Enhanced Class 8 Truck Platooning via Simultaneous Shifting and Model Predictive Control

2019-08-13T20:22:54Z (GMT) by Ifeoluwa Jimmy Ibitayo
Class 8 trucks on average drive the most miles and consume the most fuel of any major vehicle category annually. Indiana specifically is the fifth busiest state for commercial freight traffic and moves $750 billion dollars of freight annually, and this number is expected to grow by 60% by 2040. Reducing fuel consumption for class 8 trucks would have a significant benefit on business and the proportional decrease in CO2 would be exceptionally beneficial for the environment.

Platooning is one of the most important strategies for increasing class 8 truck fuel savings. Platooning alone can help trucks save upwards of 7% platoon average fuel savings on flat ground.

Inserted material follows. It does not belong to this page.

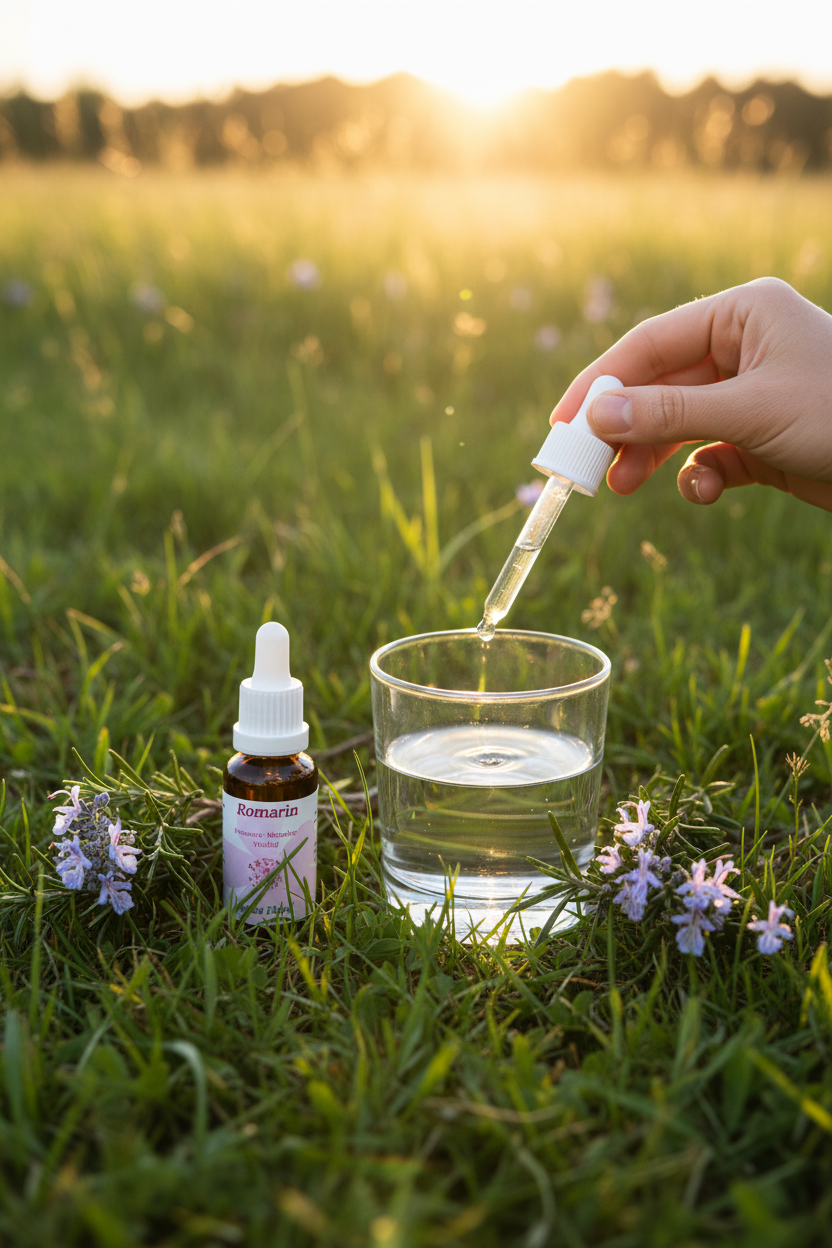 Élixir Floral de Romarin – gouttes dans un verre d'eau en prairie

However, it can be difficult for a platooning controller to maintain a desired truck separation during uncoordinated shifting events. Using a high-fidelity simulation model, it is shown that simultaneous shifting–having the follow truck shift whenever the lead truck shifts (unless shifting would cause its engine to overspeed or underspeed)–decreases maximum truck separation by 24% on a moderately challenging grade route and 40% on a heavy grade route.

Model Predictive Control (MPC) of the follow truck is considered as a means to reduce the distance the follow truck falls behind during uncoordinated shifting events. The result in simulation is a reduction in maximum truck separation of 1% on a moderately challenging grade route and 19% on a heavy grade route. However, simultaneous shifting largely alleviates the need for MPC for the sake of tracking for the follow truck.

A different MPC formulation is considered to dynamically change the desired set point for truck separation for routes through a strategy called Route Optimized Gap Growth (ROGG). The result in simulation is 1% greater fuel savings on a moderately challenging grade route and 7% greater fuel savings on a route with heavy grade for the follow truck.